“Neither the American nor the Cuban people are served by a rigid policy that’s rooted in events that took place before most of us were born,” Obama said.
While the policy was "rooted in the best of intentions," Obama said, "...it has had little effect."
Obama said he spoke with Cuban President Raul Castro yesterday, the first time the leaders of the two countries have spoken since the Cold War. Obama said he told Castro that Cuban society remains constrained due to restrictions, and said that he is under "no illusion" that barriers to freedom remain for Cuban citizens.
The president also said he looks forward to an "honest and serious debate" with Congress about lifting the embargo on Cuba.
"To the Cuban people, America extends a hand of friendship," Obama said.
Obama also acknowledged criticism of the policy shift. "To those who oppose the steps I'm announcing today, let me say that I respect your passion and share your commitment to liberty and democracy," he said. "The question is how we uphold that commitment. I do not believe we can keep doing the same thing for over five decades and expect a different result."
Cuba released American Alan Gross, who has been imprisoned for five years, as well as a man who Obama said was one of the most important intelligence agents the United States had in Cuba. The man, who officials said had been imprisoned in Cuba for nearly 20 years, is back in the United States.

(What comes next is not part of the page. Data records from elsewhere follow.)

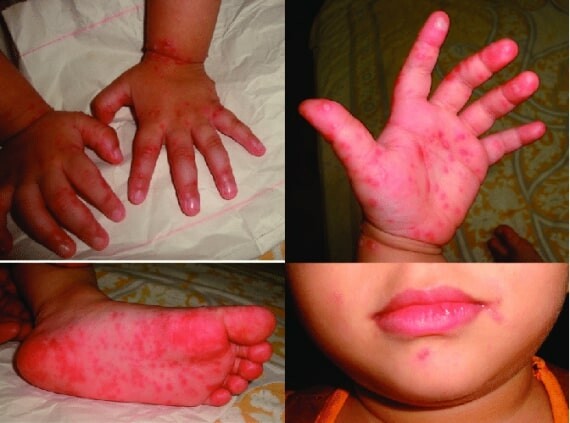 Bệnh tay chân miệng đặc trưng bởi các mụn nước, vết loét trong miệng, phát ban trên bàn tay và bàn chân. (nguồn: researchgate.net)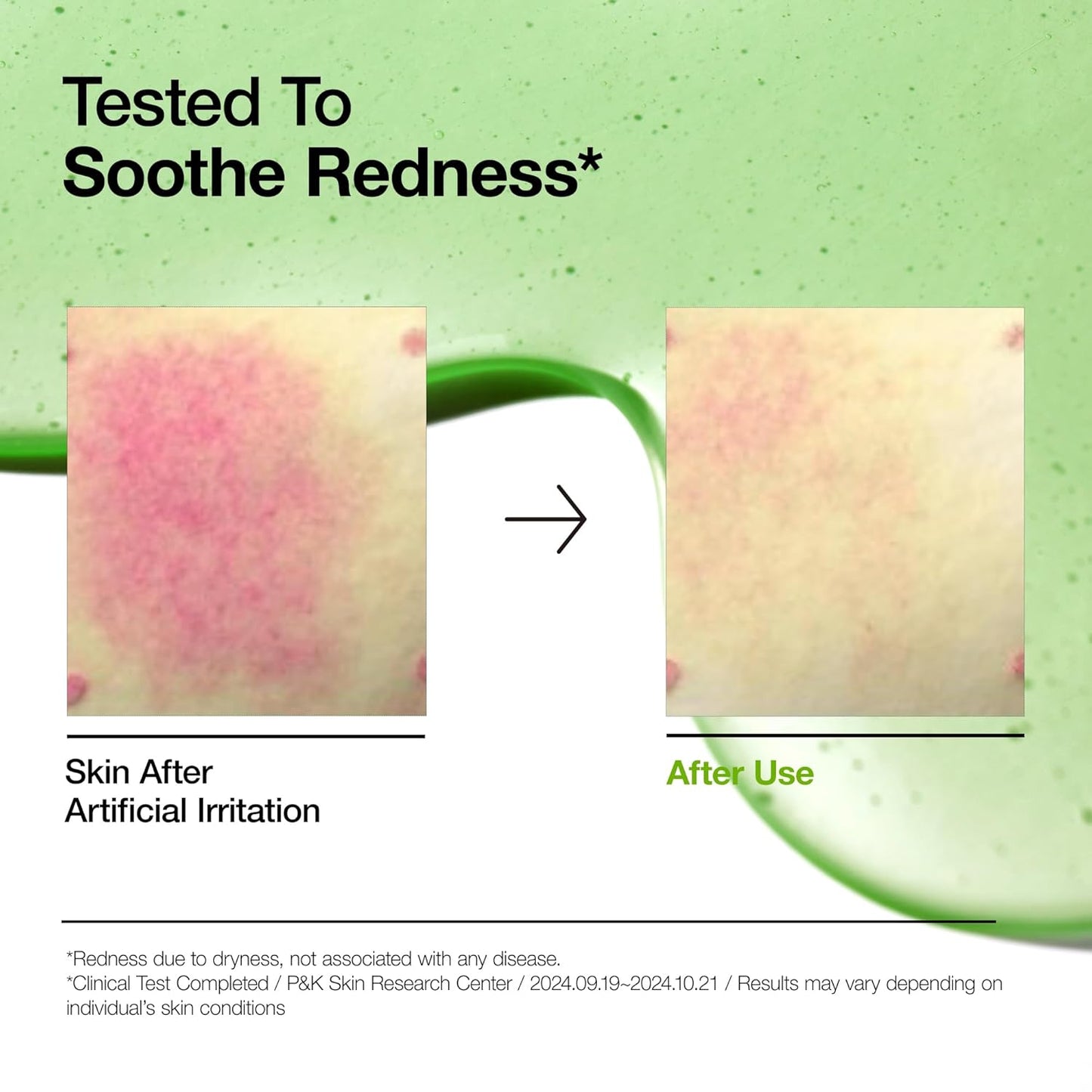 Anua Azelaic Acid 10+ Hyaluron Redness Soothing Serum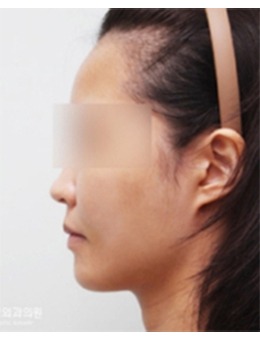 分享韩国TANGGLE整形外科面部填充前后对比图!!改善面部凹陷还你少女轮廓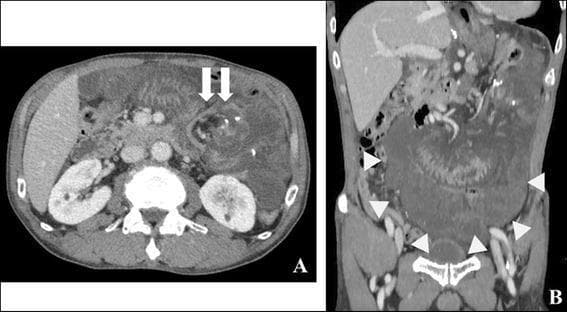 This diagnostic image consists of two panels showing a contrast-enhanced computerized tomography (CT) scan of the abdomen in axial (A) and coronal (B) planes. The scans demonstrate findings characteristic of an internal hernia and small bowel obstruction. In the axial view (A), white arrows highlight a 'whirl sign,' which is a swirling or spiral appearance of the mesenteric fat and vessels, indicating mesenteric torsion. The axial section also shows the relationship of the pathology to the liver and kidneys, with fluid (ascites) visible in the perihepatic and perisplenic spaces. In the coronal view (B), white arrowheads delineate a 'closed-loop formation' of the small intestine, characterized by a U-shaped or C-shaped cluster of dilated bowel loops. The bowel walls appear thickened, and there is evidence of surrounding free peritoneal fluid. These visual markers are critical diagnostic indicators for surgeons and radiologists to identify strangulated bowel or volvulus requiring urgent intervention.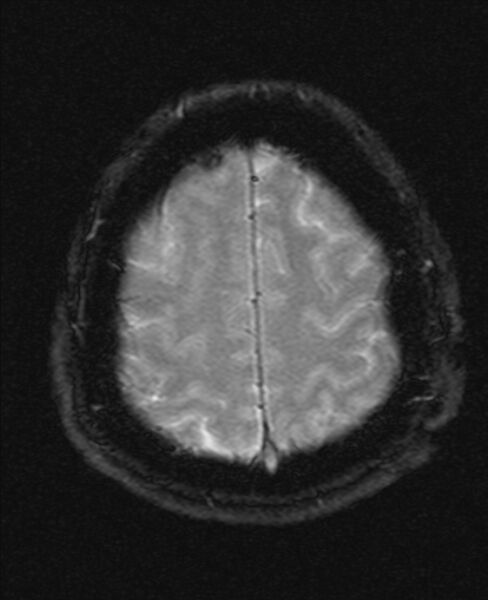 File:Cerebellopontine angle meningioma (Radiopaedia 24459-24764 Axial Gradient Echo 20).jpg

Gross landed in the United States Tuesday. The American government released three Cuban nationals who were convicted of spying in the United States.
The change in policy came after more than a year of secret talks between the U.S. and Cuban governments, facilitated by the Canadian governments and the Vatican. Obama said Pope Francis issued him a personal plea on negotiations to release Gross. Obama thanked the pope, as well as the Canadian government, in his remarks.
"Change is hard," Obama said, "but today America chooses to cut loose the shackles of the past."